Courtesy of The Times
GARY | An emphasis on becoming the main teaching hospital in Northwest Indiana and building on technology were focuses of Methodist Hospitals' second annual State of the Organization address Friday morning.
Hospital CEO Ian McFadden gave the presentation to about 140 community leaders and hospital employees, telling them 2009 focused on financial stability as the hospital was turning itself around, but 2010 and 2011 are focused on growth.
McFadden said 2010 marked the health system's second consecutive year of profitability, and Methodist was the first hospital in Northwest Indiana to implement EPIC, an electronic medical records system that is part of the system's $30 million investment in technology.
As 2011 progress, McFadden said technology will continue to play a large role in the health system, highlighting a $1 million investment in newly Food and Drug Administration-approved 3-D mammography machines, which have been ordered by the hospital. He said there will be more investments in EPIC, including a way for the system to tie into physician offices.
"We definitely want to enhance our partnership with (Indiana University)," McFadden said.
He said a family practice residency is scheduled to begin, adding to an existing residency with Northwestern University for the emergency department.
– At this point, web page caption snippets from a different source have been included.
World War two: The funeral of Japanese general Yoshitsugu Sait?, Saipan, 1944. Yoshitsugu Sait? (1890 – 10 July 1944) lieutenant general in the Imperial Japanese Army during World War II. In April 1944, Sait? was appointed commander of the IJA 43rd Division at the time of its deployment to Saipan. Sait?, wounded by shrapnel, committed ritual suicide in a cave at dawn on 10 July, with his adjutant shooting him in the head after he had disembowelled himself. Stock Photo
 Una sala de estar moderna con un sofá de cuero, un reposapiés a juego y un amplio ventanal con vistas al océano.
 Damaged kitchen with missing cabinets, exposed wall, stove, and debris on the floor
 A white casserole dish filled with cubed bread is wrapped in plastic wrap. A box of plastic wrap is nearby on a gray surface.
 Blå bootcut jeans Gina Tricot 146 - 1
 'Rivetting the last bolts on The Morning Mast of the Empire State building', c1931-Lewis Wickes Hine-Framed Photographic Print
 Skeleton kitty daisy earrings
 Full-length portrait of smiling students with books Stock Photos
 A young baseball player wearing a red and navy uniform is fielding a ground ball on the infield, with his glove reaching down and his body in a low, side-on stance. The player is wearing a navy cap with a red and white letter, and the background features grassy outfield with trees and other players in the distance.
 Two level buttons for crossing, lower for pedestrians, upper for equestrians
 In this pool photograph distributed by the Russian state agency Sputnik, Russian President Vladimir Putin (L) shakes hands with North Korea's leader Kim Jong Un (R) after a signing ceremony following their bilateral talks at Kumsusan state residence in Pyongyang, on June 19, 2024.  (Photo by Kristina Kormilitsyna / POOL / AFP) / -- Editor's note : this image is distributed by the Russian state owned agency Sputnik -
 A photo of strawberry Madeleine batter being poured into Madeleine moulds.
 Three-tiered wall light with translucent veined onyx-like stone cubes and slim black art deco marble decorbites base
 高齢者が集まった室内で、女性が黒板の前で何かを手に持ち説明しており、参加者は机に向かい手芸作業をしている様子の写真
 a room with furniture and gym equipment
He said he'd like to expand and add residency programs every other year after.
McFadden said the health system also will focus on expansion, with an $8 million renovation of the emergency room at the Southlake Campus in Merrillville, which will take 12 to 16 months to complete, and expansions of the intensive care units.
He also said since the Northlake Campus in Gary sees more trauma patients than any other hospital in the region, he'd like to see a trauma designation this year.
"This is a different year for all hospitals as health care reform really begins to take effect," McFadden said.
He said the health system will work on expanding its Physician Network in 2011.
"We understand we have to work with others, physicians and providers, to have a much better product," he said.